Today on my show as we are doing now every Thursday morning between 8:30 and 9:am we had Psychic, Maureen Hancock on. For a couple of weeks I have listened to her connecting my listeners to people they wanted to hear from and have been hesitant to let her do a reading for me.
I joked with her that I don’t know what to do because she likes people to tell her who they want to hear from to save time and help direct her to them, I said well if I say my Dad, or my Aunt I know my Mom would get very mad at me! She laughed. Later during a commercial break just before we went on the air she said, “Who is William?” (not a guy with a “W”, or a Father figure.. she said WILLIAM) I said, “That’s my Dad.” She said well he’s here to talk to you. I said well lets do it on the air.
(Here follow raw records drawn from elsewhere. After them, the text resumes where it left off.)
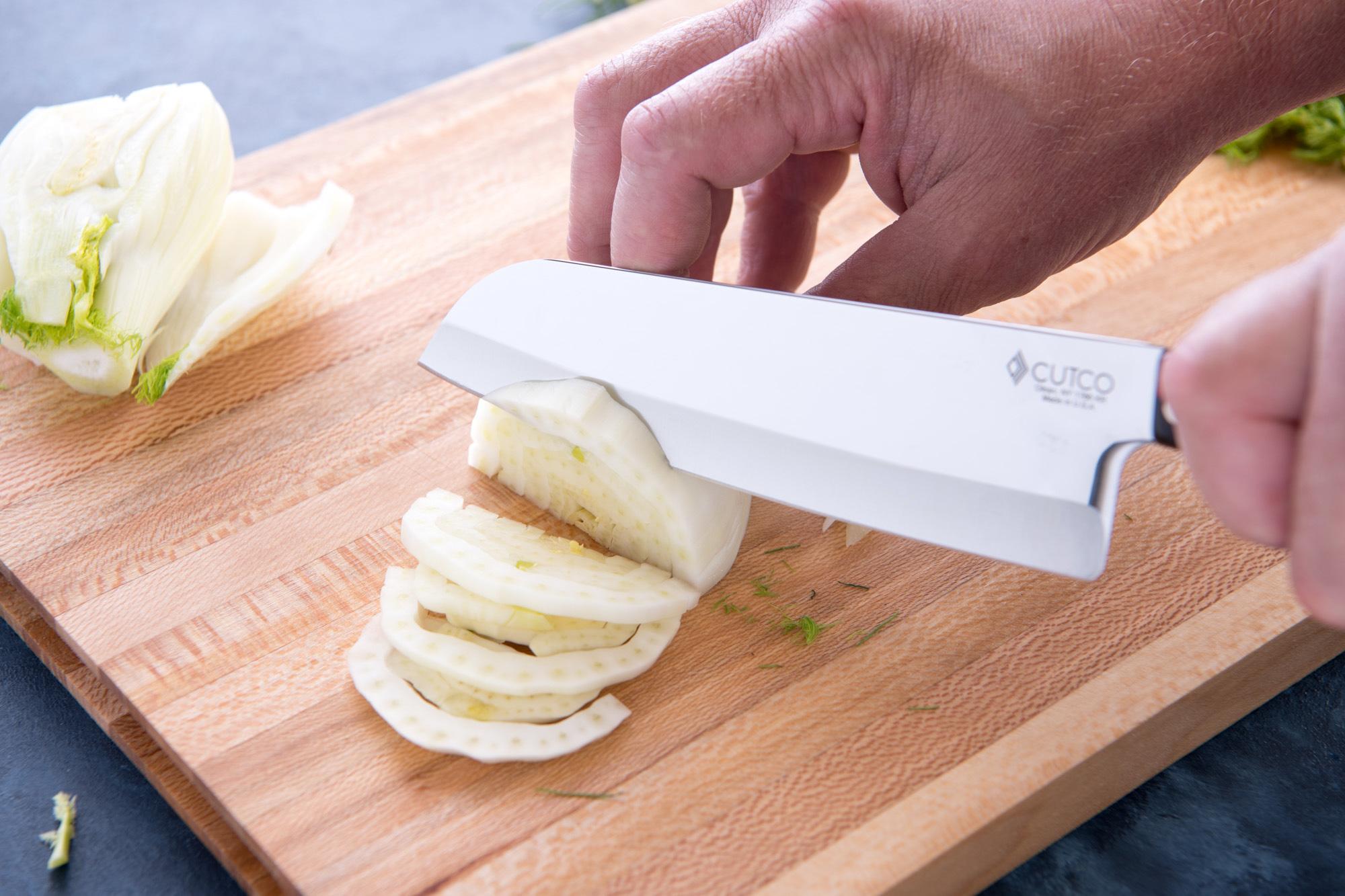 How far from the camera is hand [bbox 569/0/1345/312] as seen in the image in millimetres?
1728

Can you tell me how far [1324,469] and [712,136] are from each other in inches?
37.9

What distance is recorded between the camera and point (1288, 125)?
105 inches

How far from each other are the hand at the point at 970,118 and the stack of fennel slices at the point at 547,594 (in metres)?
0.35

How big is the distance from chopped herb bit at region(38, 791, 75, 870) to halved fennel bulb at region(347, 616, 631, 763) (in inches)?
18.0

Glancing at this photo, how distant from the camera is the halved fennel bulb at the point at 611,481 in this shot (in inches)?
66.1

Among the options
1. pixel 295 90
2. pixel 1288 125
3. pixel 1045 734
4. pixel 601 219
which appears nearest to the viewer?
pixel 1045 734

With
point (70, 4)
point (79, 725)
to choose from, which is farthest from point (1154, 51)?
point (70, 4)

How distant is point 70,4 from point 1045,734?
159 inches

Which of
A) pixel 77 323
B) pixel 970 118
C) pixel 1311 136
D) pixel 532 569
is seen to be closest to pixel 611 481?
pixel 532 569

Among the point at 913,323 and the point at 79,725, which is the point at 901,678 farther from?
the point at 79,725

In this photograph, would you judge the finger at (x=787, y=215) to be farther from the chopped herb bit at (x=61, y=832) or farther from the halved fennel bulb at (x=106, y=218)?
the chopped herb bit at (x=61, y=832)

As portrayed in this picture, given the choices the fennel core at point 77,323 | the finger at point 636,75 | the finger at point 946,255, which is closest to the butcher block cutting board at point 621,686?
the fennel core at point 77,323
I think it is very important that you know before you hear the call, a little bit about my Father and our relationship.
My Father was a warm, charming intelligent and funny man. I loved him very much. He just had a presence that made people like him. But for many reasons, depression, pain pill addiction, physical ailments etc, he was not a great Father. I know he loved me, he knows I loved him, when I was a very young child I thought he walked on water. Despite the shortcomings there were many things he taught me when he could and many times it was what NOT to do but I always wanted more than anything in life to be the Father i know he wished he could have been.
It was after he died , a few years after that I began to “feel” him in my life and I know he helped me in many ways sort of behind the scenes. I have talked to him and forgave him, and asked him to forgive me for judging him so harshly when I was too young to understand his burdens. Many times I’d say to him, “Dad I wish you see me now, and I wish you could have met the boys and that they could have known you.”
Anyone who really knows me knows that since he passed away when I was 18 my life has been about making the McMaster name something that my boys would be proud of and to be the Dad that I know in my heart he wished he could have been, for me… and for him. THESE are the things that I have always known, if he ever truly “came through” to talk to me that he would talk to me about.